Valuable Ming pieces recovered from bottom of South China Sea
London — Blue and white Ming porcelain, which had lain in the depths of the South China Sea for some 340 years, made a big splash at June's International Ceramics Fair in London.
The adventure tale behind these long-lost wares enthralled show visitors, attracted collectors, and gave their discoverer and recoverer, Capt. Michael Hatcher, a moment of glory as he recounted his exploits in getting the porcelain out of the deep and onto the antique market.
Captain Hatcher, who operates a salvage business out of Singapore, first noted the mound on the floor of the South China Sea in 1979 but did not investigate it to discover the shipwreck it covered until 1983.
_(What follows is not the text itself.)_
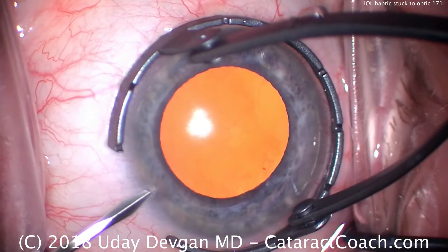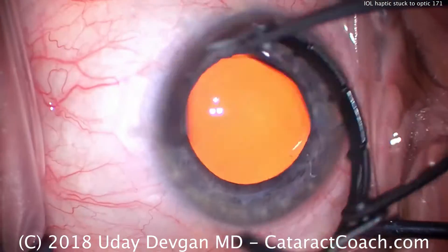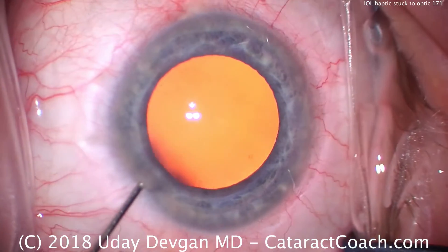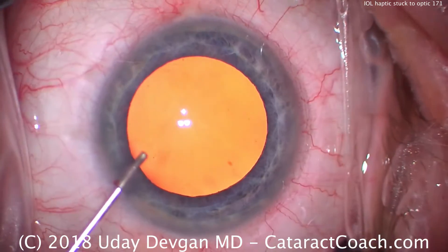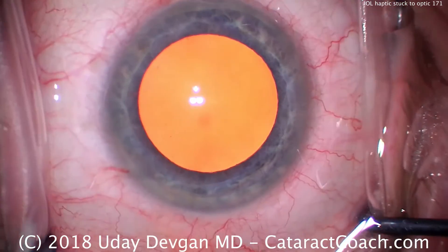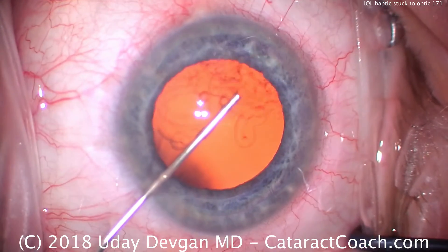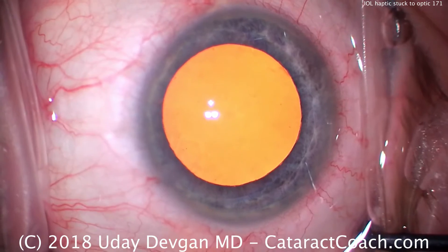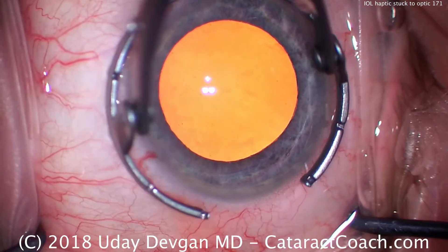CateroCoach.com — we have a routine case here which will proceed very well, but the issue is going to be once we insert the IOL into the eye and start to unfold it, one haptic is going to be stuck to the optic. What we'll talk about is what are our options at that point for releasing that haptic — we certainly can't leave it like that. If you want to skip right to that point, that's going to be the three-minute mark, go ahead and fast forward, but for those who want to learn, watch how we do the rest of this routine case.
His crew of divers brought up its first pieces of porcelain in June of 1983. After that, he said in London, nine divers worked seven days a week for five months, digging the pieces out of the mud, one piece at a time. They brought them to the surface in plastic garbage cans while another crew washed them on the deck of the salvage ship and put them in steel cages lined with plastic foam. Remarkably few pieces were lost in the recovery process of thousands.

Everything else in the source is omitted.